On the night of 28-29 April, a dozen men – my father among them – held the bridge through an extraordinary German artillery pounding, keeping it operational at a critical juncture of the battle. On this bridge, my father’s best fried died in Dad’s arms, mortally wounded from an artillery burst. As a young boy, my father mentioned this night only once, and in shorthand terms. “I was covered in blood, and wasn’t sure if I’d been hit”, he said to me. This 24-hour effort resulted in these dozen men being awarded the Silver Star Medal for battlefield gallantry – the most decorations for any battlefield event in the 19th Engineers regimental history. I have the official citation of this if you’d like a copy. After years of research, I produced a documentary about my father’s outfit, found at YouTube when searching, “Wiped Out: Hard Luck WW2 Outfit”. This film features first-hand accounts of men who were on your father’s bridge.

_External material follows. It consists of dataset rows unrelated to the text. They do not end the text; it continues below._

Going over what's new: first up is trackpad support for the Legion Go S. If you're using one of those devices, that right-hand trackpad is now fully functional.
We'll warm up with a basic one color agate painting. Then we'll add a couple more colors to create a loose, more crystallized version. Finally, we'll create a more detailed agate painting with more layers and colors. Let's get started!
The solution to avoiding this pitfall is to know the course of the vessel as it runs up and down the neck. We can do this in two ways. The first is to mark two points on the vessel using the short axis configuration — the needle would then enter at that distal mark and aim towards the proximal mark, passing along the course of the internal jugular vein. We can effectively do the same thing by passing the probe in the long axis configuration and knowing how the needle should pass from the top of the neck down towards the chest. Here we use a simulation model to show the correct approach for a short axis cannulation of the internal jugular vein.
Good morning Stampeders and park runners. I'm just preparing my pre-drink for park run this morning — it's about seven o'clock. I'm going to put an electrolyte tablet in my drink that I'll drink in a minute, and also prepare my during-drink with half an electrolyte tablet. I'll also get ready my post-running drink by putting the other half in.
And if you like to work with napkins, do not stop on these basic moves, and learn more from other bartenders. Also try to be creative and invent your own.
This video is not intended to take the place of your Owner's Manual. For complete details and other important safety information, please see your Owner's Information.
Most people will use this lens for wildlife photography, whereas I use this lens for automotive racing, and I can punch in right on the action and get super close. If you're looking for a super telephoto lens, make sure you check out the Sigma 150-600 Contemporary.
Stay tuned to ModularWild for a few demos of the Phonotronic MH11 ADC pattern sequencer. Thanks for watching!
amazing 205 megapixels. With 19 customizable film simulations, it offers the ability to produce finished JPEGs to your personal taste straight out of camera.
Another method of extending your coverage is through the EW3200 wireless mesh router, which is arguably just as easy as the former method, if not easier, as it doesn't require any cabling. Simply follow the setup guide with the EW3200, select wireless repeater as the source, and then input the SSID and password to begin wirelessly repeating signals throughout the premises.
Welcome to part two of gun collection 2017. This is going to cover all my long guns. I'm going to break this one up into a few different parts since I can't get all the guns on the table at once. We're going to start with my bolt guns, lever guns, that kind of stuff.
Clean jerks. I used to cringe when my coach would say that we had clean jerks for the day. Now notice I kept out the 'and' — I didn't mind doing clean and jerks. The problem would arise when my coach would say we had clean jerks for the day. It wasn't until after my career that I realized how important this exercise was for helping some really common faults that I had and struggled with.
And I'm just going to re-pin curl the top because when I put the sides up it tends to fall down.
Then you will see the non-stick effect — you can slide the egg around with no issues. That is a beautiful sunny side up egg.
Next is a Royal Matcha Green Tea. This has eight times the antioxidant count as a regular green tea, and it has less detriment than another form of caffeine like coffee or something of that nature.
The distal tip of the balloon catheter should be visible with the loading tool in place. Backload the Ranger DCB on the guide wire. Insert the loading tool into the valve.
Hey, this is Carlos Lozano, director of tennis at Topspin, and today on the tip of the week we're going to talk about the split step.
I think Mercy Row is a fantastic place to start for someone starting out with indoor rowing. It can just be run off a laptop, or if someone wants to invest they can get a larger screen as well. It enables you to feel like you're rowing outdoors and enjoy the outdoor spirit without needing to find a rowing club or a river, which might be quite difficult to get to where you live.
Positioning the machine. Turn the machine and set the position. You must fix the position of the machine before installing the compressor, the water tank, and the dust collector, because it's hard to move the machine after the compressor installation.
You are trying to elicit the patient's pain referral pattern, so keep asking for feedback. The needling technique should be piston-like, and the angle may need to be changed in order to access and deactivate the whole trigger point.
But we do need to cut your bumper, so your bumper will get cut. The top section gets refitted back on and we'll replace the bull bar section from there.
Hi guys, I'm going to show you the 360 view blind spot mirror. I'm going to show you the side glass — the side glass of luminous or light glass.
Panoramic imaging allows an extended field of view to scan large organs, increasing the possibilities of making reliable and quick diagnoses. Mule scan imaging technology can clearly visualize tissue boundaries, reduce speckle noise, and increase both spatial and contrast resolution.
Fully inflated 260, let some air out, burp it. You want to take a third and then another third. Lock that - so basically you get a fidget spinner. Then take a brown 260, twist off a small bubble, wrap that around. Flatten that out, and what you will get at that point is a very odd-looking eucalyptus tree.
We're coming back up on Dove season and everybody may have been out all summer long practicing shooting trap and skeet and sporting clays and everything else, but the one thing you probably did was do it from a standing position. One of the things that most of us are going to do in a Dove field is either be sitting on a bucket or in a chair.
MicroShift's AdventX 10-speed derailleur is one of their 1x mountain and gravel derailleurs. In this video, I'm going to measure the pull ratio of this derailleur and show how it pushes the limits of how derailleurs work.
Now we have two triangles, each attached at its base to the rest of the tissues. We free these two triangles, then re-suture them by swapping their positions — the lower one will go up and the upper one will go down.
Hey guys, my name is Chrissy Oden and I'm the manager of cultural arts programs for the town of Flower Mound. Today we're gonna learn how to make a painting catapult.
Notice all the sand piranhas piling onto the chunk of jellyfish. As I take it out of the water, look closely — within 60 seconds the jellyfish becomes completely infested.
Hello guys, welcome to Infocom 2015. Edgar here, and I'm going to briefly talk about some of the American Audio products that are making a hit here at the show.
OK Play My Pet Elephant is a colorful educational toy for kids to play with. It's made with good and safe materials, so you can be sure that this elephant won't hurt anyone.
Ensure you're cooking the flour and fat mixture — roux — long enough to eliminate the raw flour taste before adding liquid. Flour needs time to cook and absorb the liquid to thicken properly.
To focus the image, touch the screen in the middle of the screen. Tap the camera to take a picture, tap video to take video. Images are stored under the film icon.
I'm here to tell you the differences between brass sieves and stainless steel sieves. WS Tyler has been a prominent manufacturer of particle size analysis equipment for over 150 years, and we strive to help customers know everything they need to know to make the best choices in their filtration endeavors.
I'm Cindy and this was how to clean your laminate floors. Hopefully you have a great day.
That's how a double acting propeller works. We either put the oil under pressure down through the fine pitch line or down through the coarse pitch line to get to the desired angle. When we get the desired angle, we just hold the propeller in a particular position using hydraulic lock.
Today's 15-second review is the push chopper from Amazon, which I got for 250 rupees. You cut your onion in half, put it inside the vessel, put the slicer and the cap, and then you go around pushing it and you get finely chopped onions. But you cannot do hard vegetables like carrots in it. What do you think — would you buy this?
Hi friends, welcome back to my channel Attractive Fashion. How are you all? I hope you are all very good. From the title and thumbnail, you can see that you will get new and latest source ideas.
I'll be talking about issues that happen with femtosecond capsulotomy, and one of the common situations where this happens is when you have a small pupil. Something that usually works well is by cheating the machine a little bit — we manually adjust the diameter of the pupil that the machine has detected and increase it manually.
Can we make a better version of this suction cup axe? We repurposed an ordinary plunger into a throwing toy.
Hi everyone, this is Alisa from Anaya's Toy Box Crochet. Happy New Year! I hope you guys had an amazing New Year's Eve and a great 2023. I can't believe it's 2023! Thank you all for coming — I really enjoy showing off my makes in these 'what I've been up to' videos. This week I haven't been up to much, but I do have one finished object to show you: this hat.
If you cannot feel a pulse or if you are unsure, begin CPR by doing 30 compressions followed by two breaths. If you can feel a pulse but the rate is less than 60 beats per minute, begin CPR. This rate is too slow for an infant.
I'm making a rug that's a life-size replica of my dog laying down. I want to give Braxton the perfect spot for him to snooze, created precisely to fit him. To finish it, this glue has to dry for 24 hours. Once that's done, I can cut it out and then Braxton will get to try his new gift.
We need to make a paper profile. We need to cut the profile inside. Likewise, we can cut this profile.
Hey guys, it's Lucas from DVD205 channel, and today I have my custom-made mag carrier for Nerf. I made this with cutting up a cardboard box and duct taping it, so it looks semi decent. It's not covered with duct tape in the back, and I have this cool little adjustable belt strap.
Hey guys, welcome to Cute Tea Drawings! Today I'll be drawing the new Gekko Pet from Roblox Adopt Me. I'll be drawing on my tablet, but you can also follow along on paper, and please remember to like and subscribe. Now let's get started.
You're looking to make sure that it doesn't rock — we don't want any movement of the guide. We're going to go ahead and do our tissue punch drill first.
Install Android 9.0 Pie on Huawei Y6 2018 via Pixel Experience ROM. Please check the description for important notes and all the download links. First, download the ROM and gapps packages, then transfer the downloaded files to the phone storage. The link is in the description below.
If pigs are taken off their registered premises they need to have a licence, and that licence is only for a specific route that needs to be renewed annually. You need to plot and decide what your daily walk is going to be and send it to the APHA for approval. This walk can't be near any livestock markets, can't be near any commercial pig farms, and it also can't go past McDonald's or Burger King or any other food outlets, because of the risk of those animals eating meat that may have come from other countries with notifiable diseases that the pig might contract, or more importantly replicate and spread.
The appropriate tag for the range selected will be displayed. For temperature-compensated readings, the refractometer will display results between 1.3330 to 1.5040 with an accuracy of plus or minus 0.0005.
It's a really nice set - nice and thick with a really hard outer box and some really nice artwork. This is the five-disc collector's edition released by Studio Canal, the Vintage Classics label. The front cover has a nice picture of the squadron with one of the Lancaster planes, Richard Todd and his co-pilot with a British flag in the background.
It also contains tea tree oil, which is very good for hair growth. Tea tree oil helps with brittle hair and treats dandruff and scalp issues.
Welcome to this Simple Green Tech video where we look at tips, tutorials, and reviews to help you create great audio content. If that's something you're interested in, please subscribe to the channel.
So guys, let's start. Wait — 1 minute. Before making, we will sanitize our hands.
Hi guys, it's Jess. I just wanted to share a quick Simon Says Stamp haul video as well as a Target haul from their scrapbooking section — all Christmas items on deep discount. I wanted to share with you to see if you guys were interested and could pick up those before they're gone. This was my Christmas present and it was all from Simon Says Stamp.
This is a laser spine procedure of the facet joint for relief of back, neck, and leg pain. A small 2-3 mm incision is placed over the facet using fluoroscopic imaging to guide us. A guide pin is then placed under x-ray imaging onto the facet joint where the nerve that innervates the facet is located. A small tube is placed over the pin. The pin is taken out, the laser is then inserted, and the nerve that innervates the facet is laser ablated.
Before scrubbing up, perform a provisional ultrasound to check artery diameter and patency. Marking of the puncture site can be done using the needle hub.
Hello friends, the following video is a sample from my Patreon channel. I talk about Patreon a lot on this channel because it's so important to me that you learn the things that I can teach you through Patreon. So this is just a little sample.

My father, Clayton H. Nelson, died when I was young, too. So many veterans of the war came home, went back to work, started families, enjoyed what the post-war years could deliver, then they were gone. What remains is our undying respect for what they were able to accomplish under dreadful conditions.

Thank you, Patrick, for sharing your absolutely marvelous journey. Superb detective work! It’s wild to consider your father and mine occupied the same foxholes and trenches reserved for the soldiers maintaining the bridge. The timing of your brilliant article couldn’t be more perfect. Thank you, a million times.